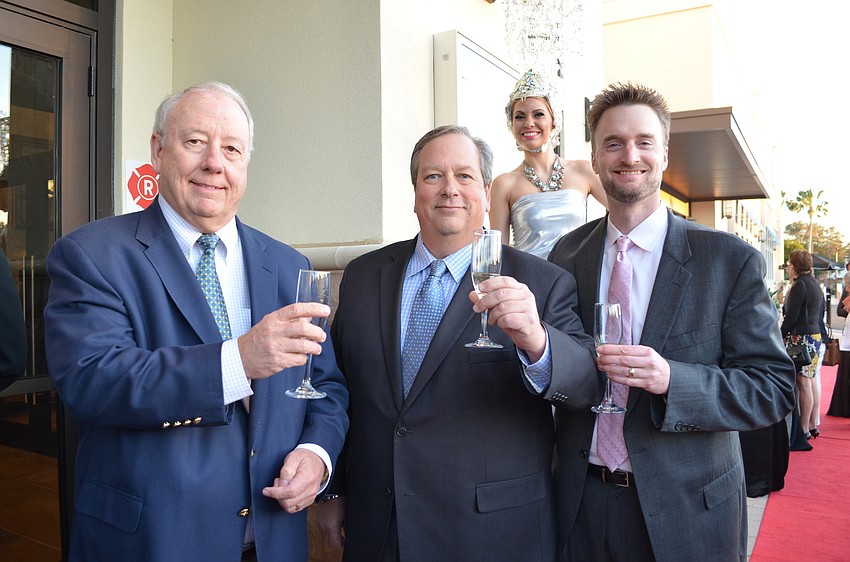 President and CEO for Cobb Theatres Robert M. Cobb with Vice President of CinéBistro, Food & Beverage Fred Meyers and Jason Waganheim toast to the opening of CineBistro Westfield Southgate.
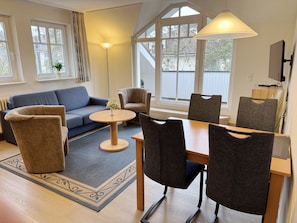 A modern living room with a sofa, armchairs, a dining table, and a TV.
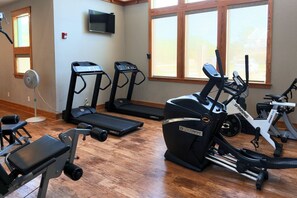 Una palestra con tapis roulant, ellittiche e cyclette.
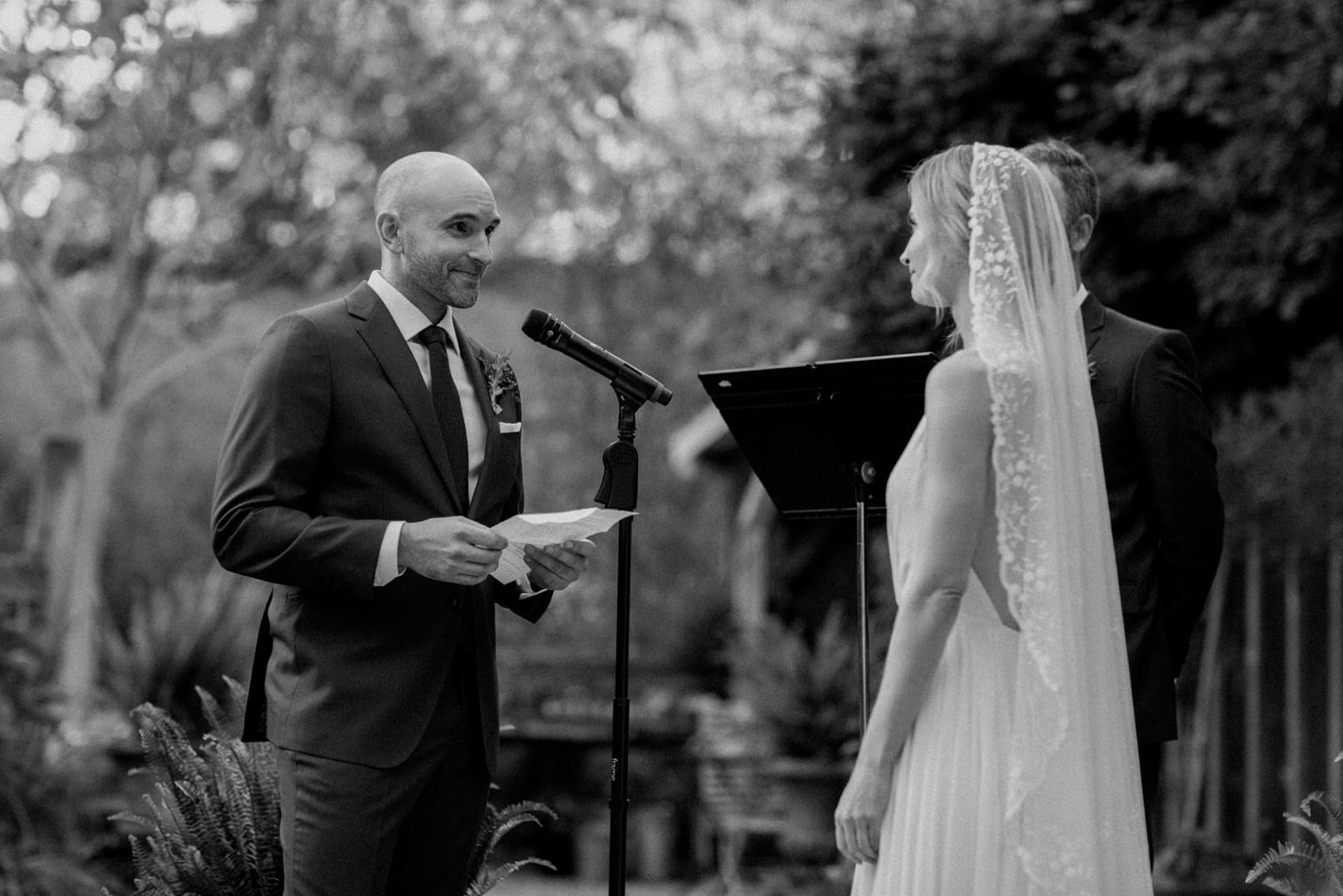 Groom reading vows at M & D Farm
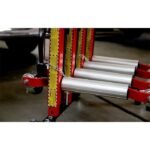Close-up view of Ranger GoCart wheel dollies secured on the storage stand, highlighting the aluminum rollers, safety chains, and durable construction designed for professional shop use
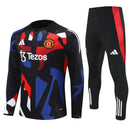 CONJUNTO LARGO MANCHESTER UNITED ENTRENAMIENTO 24/25 HOMBRE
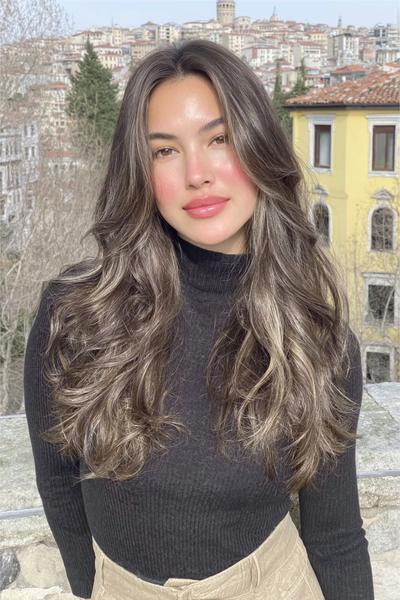 Een vrouw met lang, golvend haar en subtiele highlights poseert buiten in een stadse omgeving.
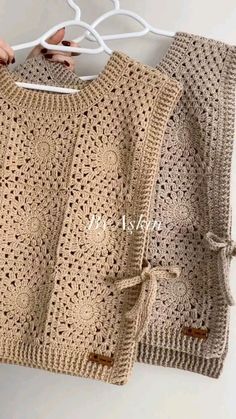 two crocheted sweaters hanging on a white hanger, one is brown and the other is beige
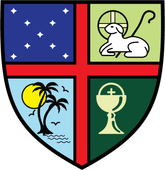 A shield with a cross a lamb a palm tree and a chalice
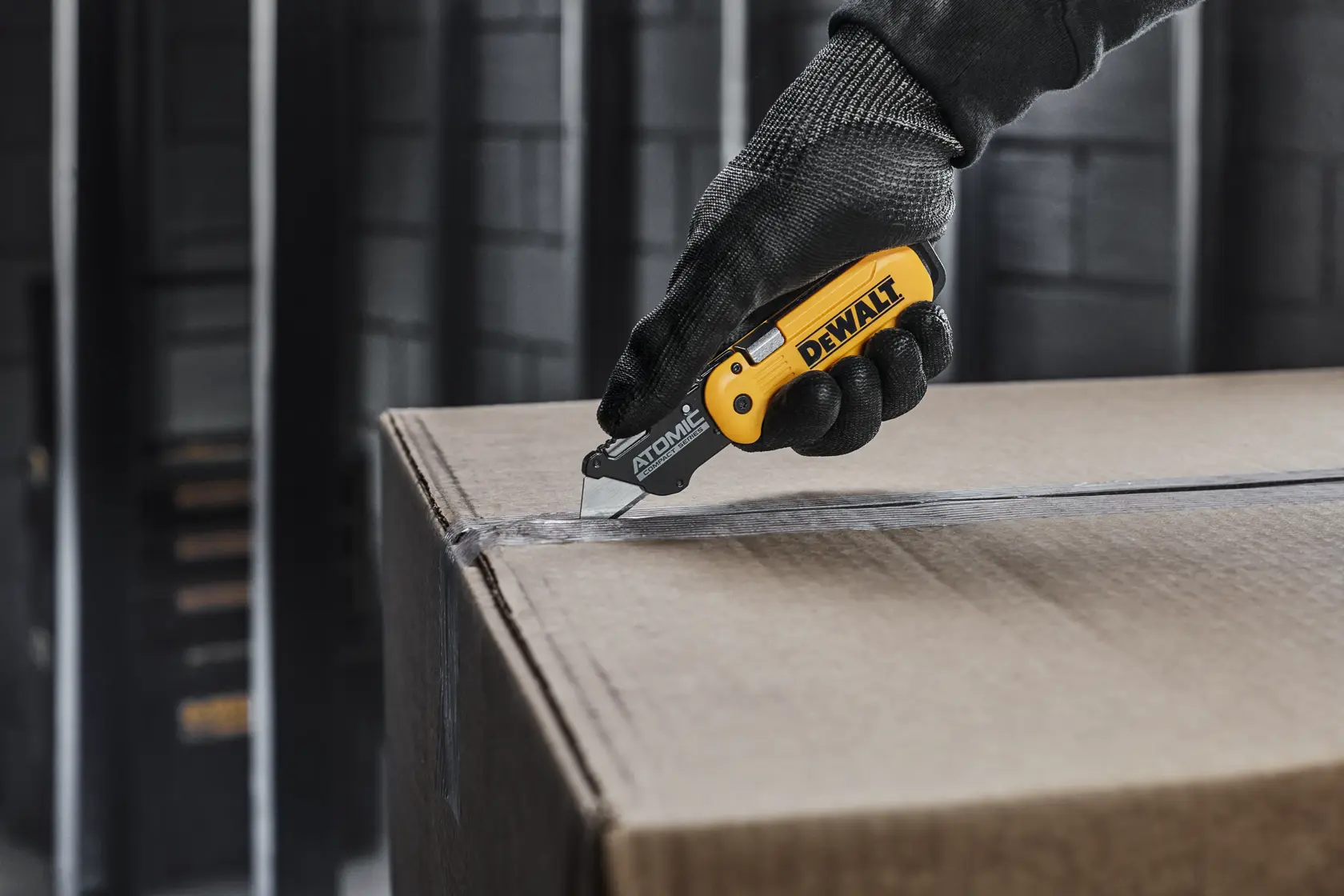 DEWALT ATOMIC knife with user cutting open a cardboard box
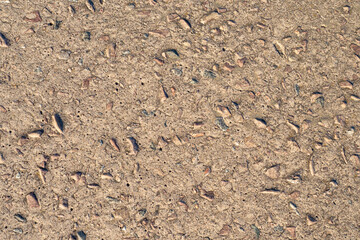 Rocks and concrete. Brown background and cement and pebbles. The old building slab. Brown construction texture.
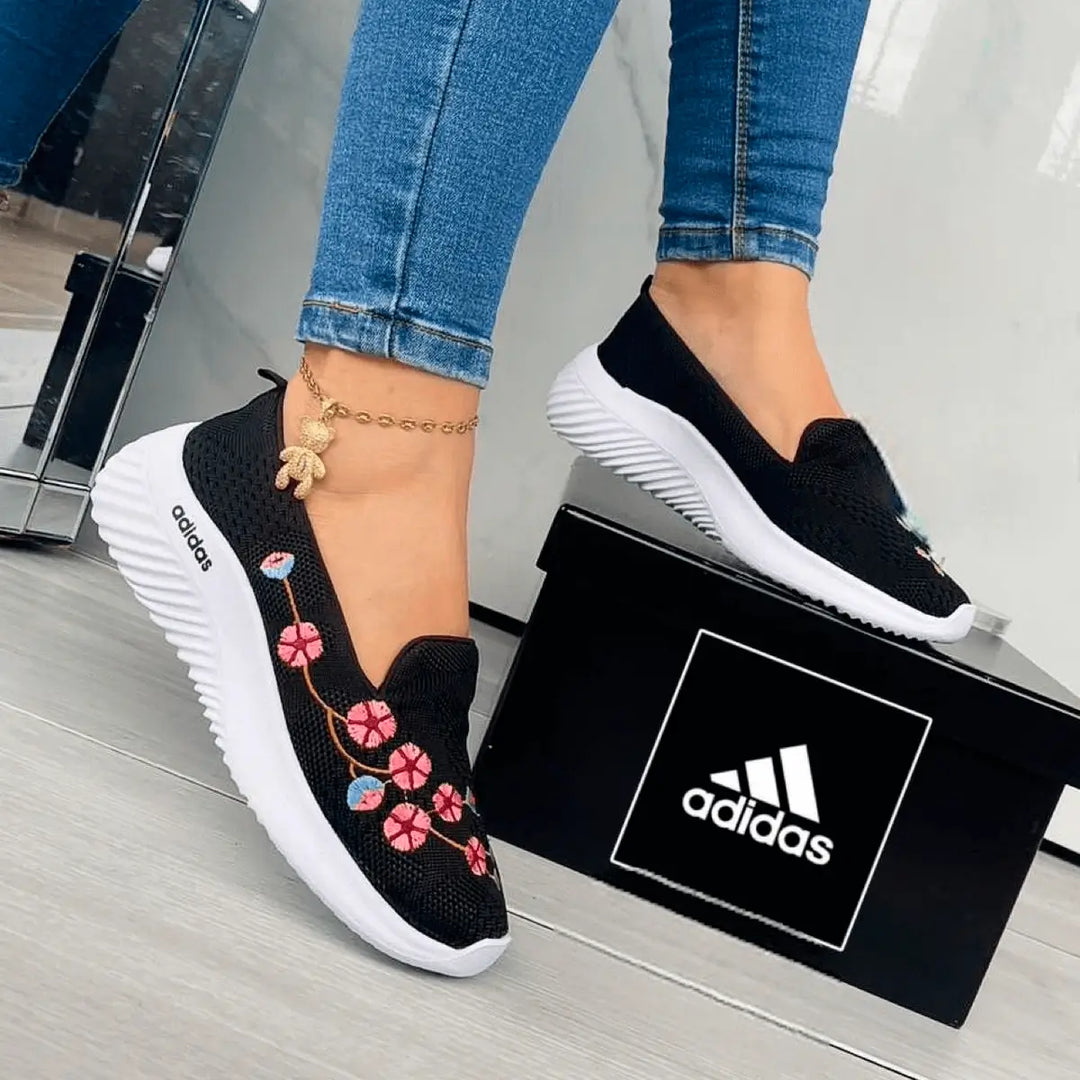 Zapatillas deportivas negras con diseño floral bordado en colores rosa y azul, suela blanca antiderrapante, cómodas y livianas ideales para uso diario y caminar largas distancias, combinación perfecta de estilo y funcionalidad para mujeres jóvenes y activas.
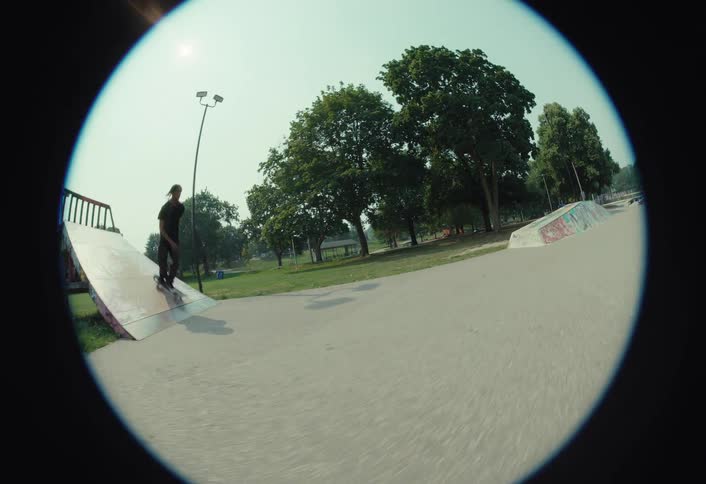 A fisheye, slow-motion shot follows a stylish skateboarder performing tricks throughout an urban skatepark on a sunny day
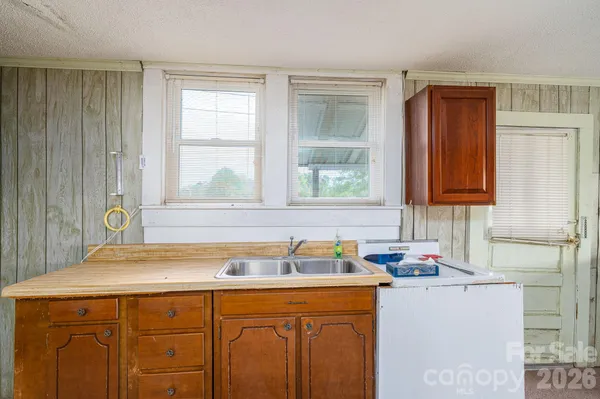 a kitchen with a sink cabinets and window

DIRECTIONS:
What you return must match, line for line, the span from the line containing "Una palestra con" through the last line of the listing above, with every picture omitted.

FINAL ANSWER:
 Una palestra con tapis roulant, ellittiche e cyclette.
 Groom reading vows at M & D Farm
Close-up view of Ranger GoCart wheel dollies secured on the storage stand, highlighting the aluminum rollers, safety chains, and durable construction designed for professional shop use
 CONJUNTO LARGO MANCHESTER UNITED ENTRENAMIENTO 24/25 HOMBRE
 Een vrouw met lang, golvend haar en subtiele highlights poseert buiten in een stadse omgeving.
 two crocheted sweaters hanging on a white hanger, one is brown and the other is beige
 A shield with a cross a lamb a palm tree and a chalice
 DEWALT ATOMIC knife with user cutting open a cardboard box
 Rocks and concrete. Brown background and cement and pebbles. The old building slab. Brown construction texture.
 Zapatillas deportivas negras con diseño floral bordado en colores rosa y azul, suela blanca antiderrapante, cómodas y livianas ideales para uso diario y caminar largas distancias, combinación perfecta de estilo y funcionalidad para mujeres jóvenes y activas.
 A fisheye, slow-motion shot follows a stylish skateboarder performing tricks throughout an urban skatepark on a sunny day
 a kitchen with a sink cabinets and window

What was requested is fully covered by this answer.